Problem description: Everything from the line with "40Pcs Vintage Motel" down to the line with "Christianartworkshop Philipper 4:13" below must be printed exactly, those two lines included. Exclude pictures.

Input material:
--*--
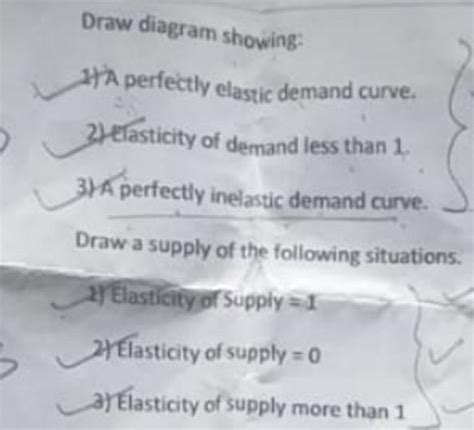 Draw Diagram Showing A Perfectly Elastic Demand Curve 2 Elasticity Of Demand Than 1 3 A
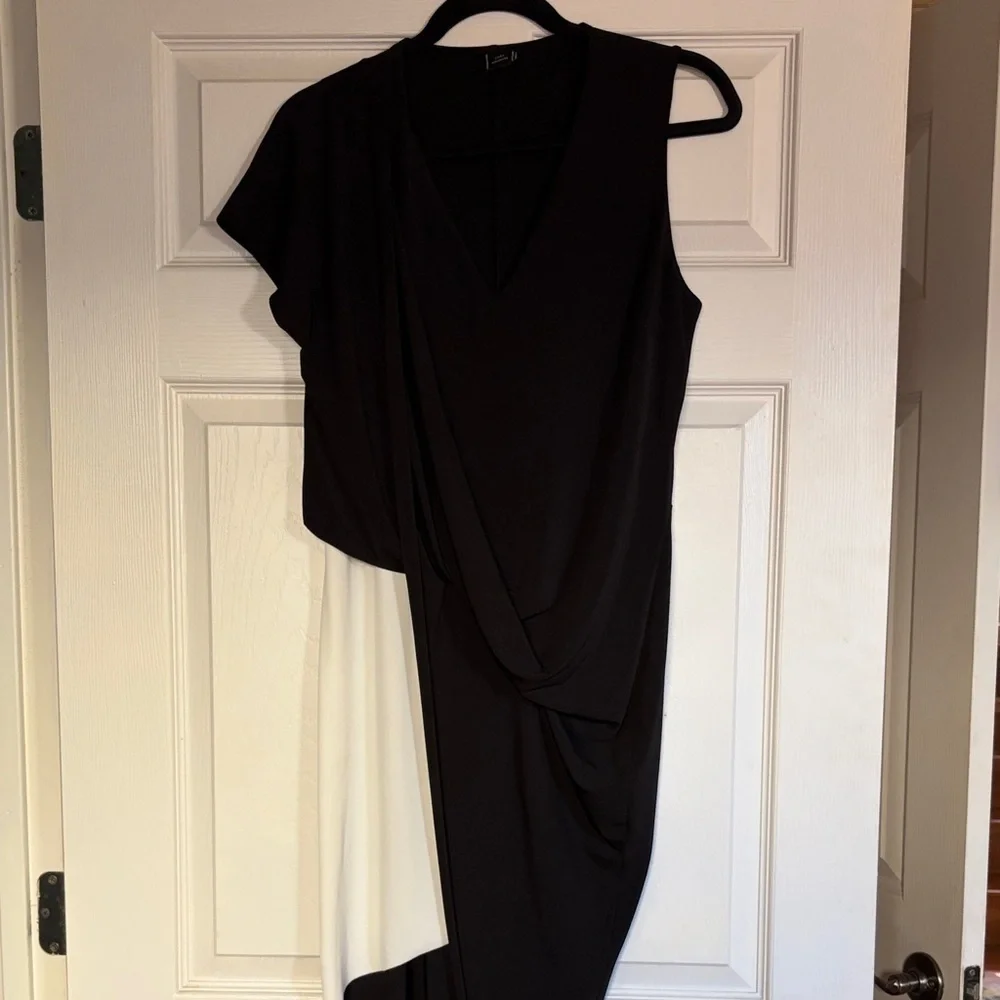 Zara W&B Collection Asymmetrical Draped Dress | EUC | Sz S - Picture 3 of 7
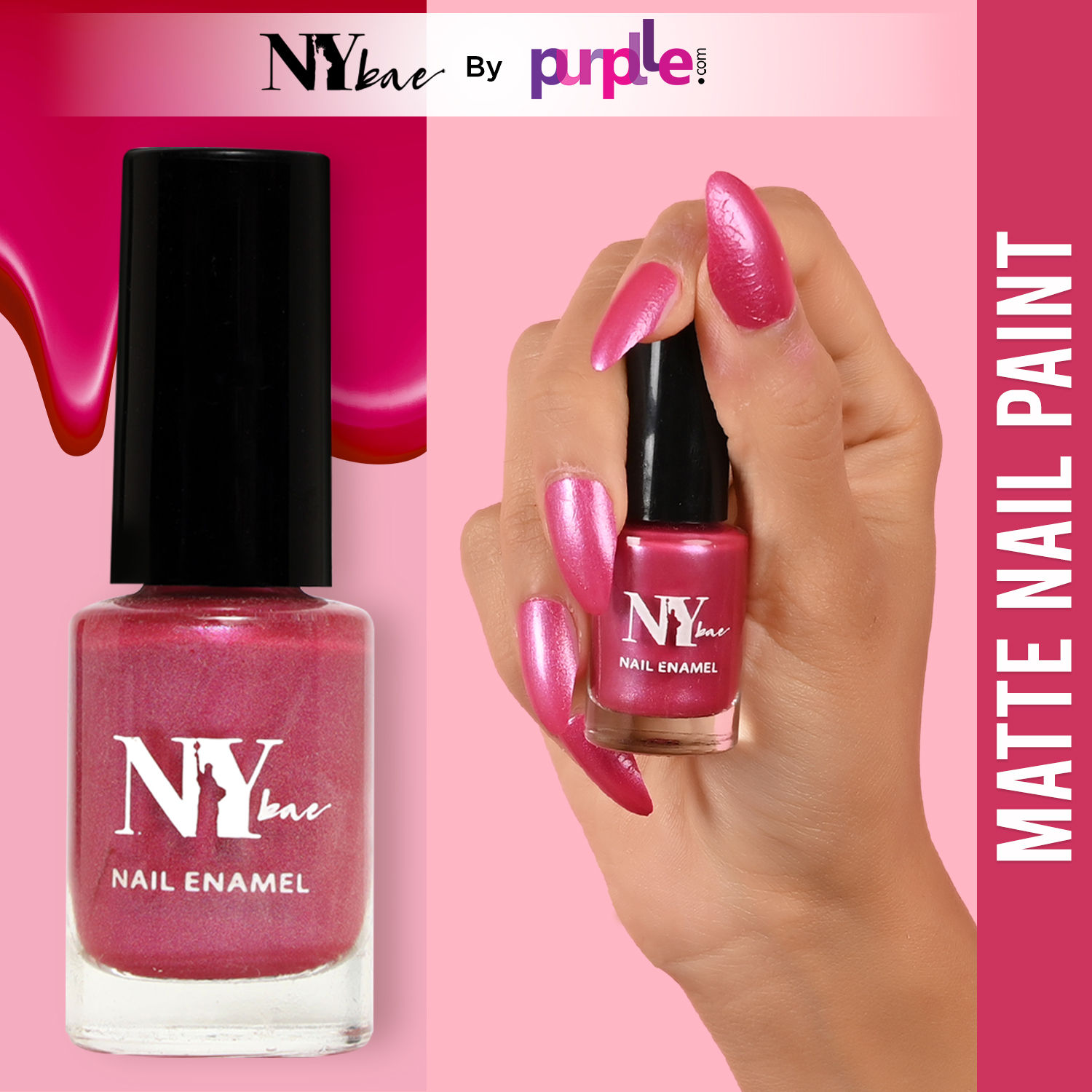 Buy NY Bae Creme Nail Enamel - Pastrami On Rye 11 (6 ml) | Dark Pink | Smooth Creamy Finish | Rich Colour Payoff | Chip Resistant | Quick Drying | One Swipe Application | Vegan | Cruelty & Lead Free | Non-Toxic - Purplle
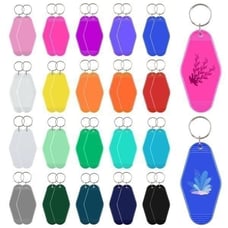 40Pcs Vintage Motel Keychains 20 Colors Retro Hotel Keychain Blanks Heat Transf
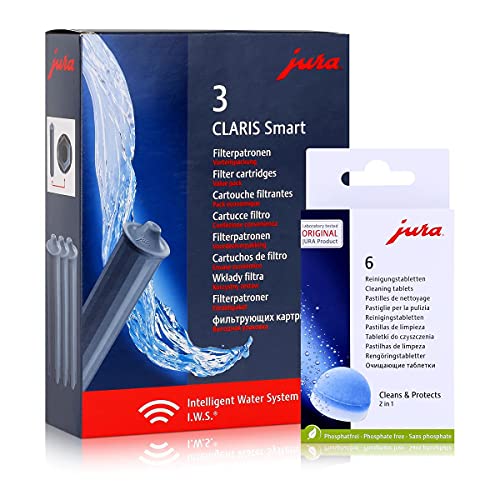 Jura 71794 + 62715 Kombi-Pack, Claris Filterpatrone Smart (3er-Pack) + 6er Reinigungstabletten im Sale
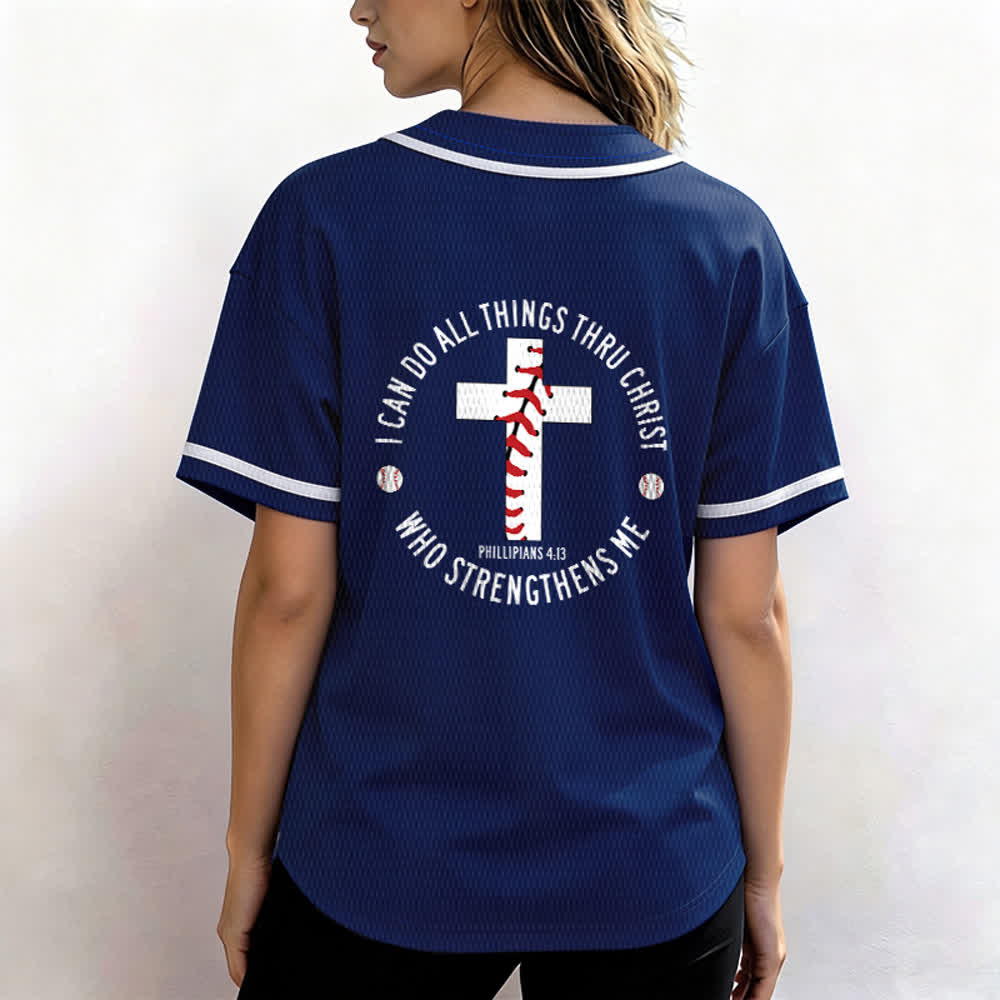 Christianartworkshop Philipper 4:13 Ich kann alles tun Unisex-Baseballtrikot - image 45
--*--
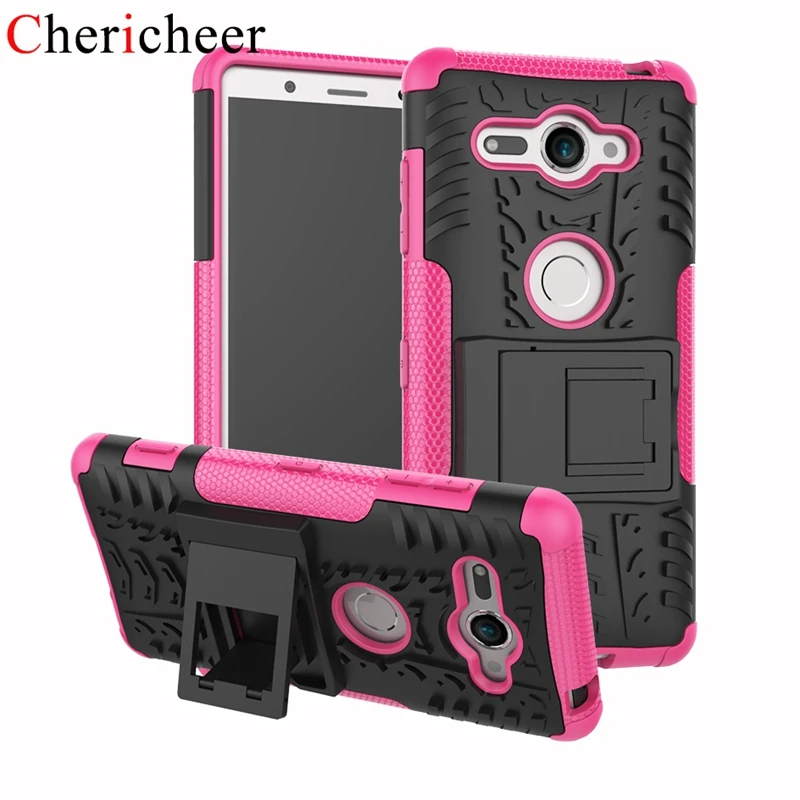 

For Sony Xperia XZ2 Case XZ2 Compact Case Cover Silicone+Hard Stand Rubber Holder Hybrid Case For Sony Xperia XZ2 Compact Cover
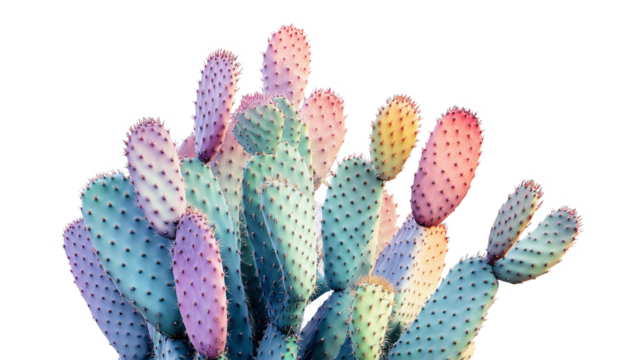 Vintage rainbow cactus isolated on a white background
--*--
Output:
 40Pcs Vintage Motel Keychains 20 Colors Retro Hotel Keychain Blanks Heat Transf
 Jura 71794 + 62715 Kombi-Pack, Claris Filterpatrone Smart (3er-Pack) + 6er Reinigungstabletten im Sale
 Christianartworkshop Philipper 4:13 Ich kann alles tun Unisex-Baseballtrikot - image 45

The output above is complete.